Thursday, February 14, 2013

Treasure Chest Thursday – Saw Cuts

Sometime around my early to mid-teens, my grandfather moved out of his house and into a local retirement community.  Since his new apartment was smaller than the house he was living in, it became necessary to start clearing out items he wouldn’t need.  Furniture, books, photos, and more were dispersed to his children and grandchildren.  One of his toolboxes ended up at our house, to be given to me at some later point in life.

That later point in life came many years later, after I had moved away from home.  My father had decided to move south and sell the house we grew up in.  Similar to Grandpa, he had to clear out items that he couldn’t take with him.  The toolbox, now somewhat rusty with age, ended up in my basement.

Fast forward a few more years to a couple of summers ago.  I had decided to build myself a kayak, using a traditional skin-on-frame method of construction.  Something in me decided not to use power tools on the project, so I began searching my basement for some basic hand tools.  At one point my eyes landed on my grandfather’s old toolbox.  “I wonder what’s in there?” I said aloud.

Opening the rusty box really was like opening a treasure chest.  There were saws, chisels, marking pencils, squares, and gizmos unidentifiable.  It seemed that the deeper I dug into the tool box, the older the tools became.  Many were rusty, but most were still of useable quality.

Getting back to the kayak project, I selected a hand-saw and checked it out.  The blade had some surface rust, but the teeth were still sharp.  I took it outside and used it to cut all the wood for my new boat.

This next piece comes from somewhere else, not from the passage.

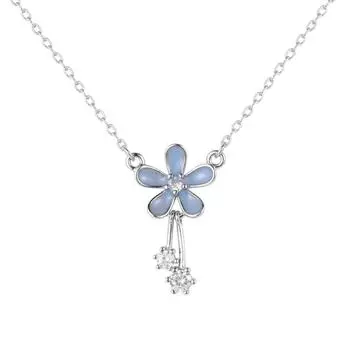 Ожерелье с маленьким синим цветком, свежая летняя цепочка на ключицу, темперамент, универсальный и милый новый стиль для женщин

The really interesting part of this saw is what I noticed later.  The handle, engraved with flowing vines, had the name “E.S. Davis” stamped into the wood.  When I noticed it, I stopped still.  Why would a saw from Grandpa’s toolbox have my initials stamped on it?  The answer is that it had belonged to my great-grandfather, Ernest Solomon Davis, who I share initials with.  The saw must have passed from him to his son, then down to me.

Since its discovery in Grandpa’s toolbox, Great-grandpa’s saw has been put to good use on a number of projects, including my daughter’s kayak that we built together last summer.  Like me, she used the blade to create some saw cuts, the fifth-generation to do so with that tool.


  1. This may sound silly but I was so excited to read that "wow" moment. What a treasure to discover! I recently discovered an award of appreciation given to my great great grandfather (a Vermonter)for his service in the Civil War. I found it cleaning and organizing my Dad's paperwork in the attic in a very unassuming brown envelope. I almost fainted with pure joy. I enjoy reading your blog very much. Keep up the good work!!

  2. How wonderful! Newer is not always better. Using these tools will make your kayak that much more special. Look forward to seeing photos of the finished product!